Por outro lado, diz a responsável, “podem agora as autarquias elaborar os seus regulamentos nesta matéria, prevendo um número limite de Alojamento Local em determinadas áreas, sem que se conheçam, ainda, os critérios para tal”. A associação, refere Ana Jacinto, “tem vasto trabalho feito com as autarquias, com a implementação do nosso Programa QUALITY, precisamente de valorização do Alojamento Local. Este é um caminho que pretendemos seguir. A AHRESP sempre trabalhou com as autarquias e continuará a fazê-lo na busca das melhores soluções, porém não podemos deixar de manifestar alguma preocupação sobre a forma como estas prevêem regular o Alojamento Local nos seus territórios”. A AHRESP apela, assim, neste momento, “ao bom senso, para que não se prejudique injustificadamente uma actividade que tanto tem contribuído para a nossa economia e para o nosso Turismo”.
“Obviamente que estas alterações, juntamente com outras que vêm impor mais obrigações, logo mais custos, vêm criar instabilidade e incerteza no negócio, uma vez que estão a ser profundamente alterados os pressupostos que existiam aquando da tomada de decisão e realização do investimento por parte dos empresários”, salienta Ana Jacinto, para quem “estas alterações aos diversos regimes que nos regem tem sido uma constante e parece estar enraizada no nosso legislador a ideia de que deve alterar a lei para responder às situações que vão surgindo a cada momento, sem dar o devido tempo para que aquela se consolide devidamente, pois só a partir daí poderemos avaliar e tirar as devidas conclusões”. “Não esqueçamos que estes booms a que temos assistido – e que não deixam de ser um “problema bom” que muitos territórios gostariam de ter – são cíclicos e já há sinais de que estão a abrandar. Todas estas variáveis devem ser devidamente analisadas e ponderadas antes de se tomar determinado tipo de decisões no sentido de se alterar a lei”, refere.
A AHRESP alerta, ainda, para o risco de “que se possa voltar à anterior situação de informalidade destes negócios, prejudicando toda uma actividade económica e o impacto indirecto positivo que gera”, além “de prejudicar as empresas, os postos de trabalho que asseguram e a própria oferta turística”.
Actividade “complexa” e “estrutura frágil”

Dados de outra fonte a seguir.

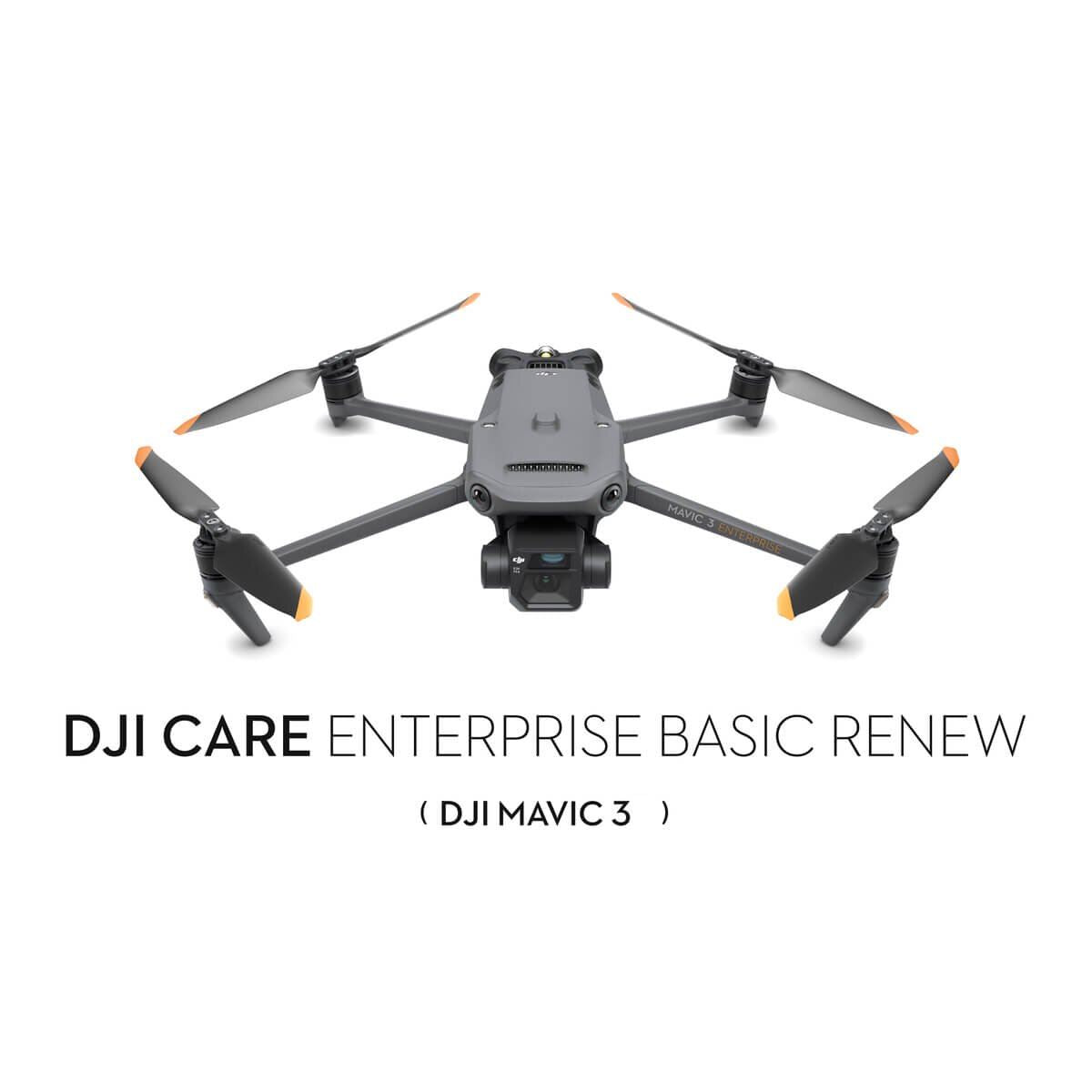 DJI Care Enterprise Basic Renew (Mavic 3T) Verlängerungscode für weitere 12 Monate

Pela ALEP – Associação do Alojamento Local em Portugal, é já conhecida a posição conjunta com a AHRESP, tornada pública pela ocasião da votação no Parlamento. Em comunicado enviado a 11 de Julho, as associações alertavam que “todos queremos que este processo seja finalizado, o sector não pode continuar com esta instabilidade, mas seria um enorme fracasso se, depois de todo este processo e por precipitação, a legislação não fosse equilibrada e voltasse a colocar em risco milhares de famílias e micro-empresas ou, ainda, que não trouxesse a tão desejada estabilidade.”
“Os operadores deste sector têm uma estrutura frágil, são essencialmente particulares ou micro-empresas de cunho familiar que, na maioria, dependem hoje do Alojamento Local como único meio de subsistência. Ao todo, são 33 mil famílias e milhares de micro-empresas. Qualquer medida que não tenha o seu impacto devidamente avaliado coloca em causa o sustento de uma parte importante desta realidade”, referia a nota conjunta, ressalvando que a actividade de Alojamento Local “é extremamente complexa e exige um conhecimento técnico aprofundado, pelo que é preciso conhecer o sector para ter perfeita consciência dos efeitos das medidas tomadas”.
“Assim sendo, caso venham a ser implementadas políticas que não tenham essa realidade presente e que se mostrem desadequadas face à realidade do sector, podem ter um forte impacto negativo”, finalizavam a ALEP e a AHRESP na nota enviada às redacções.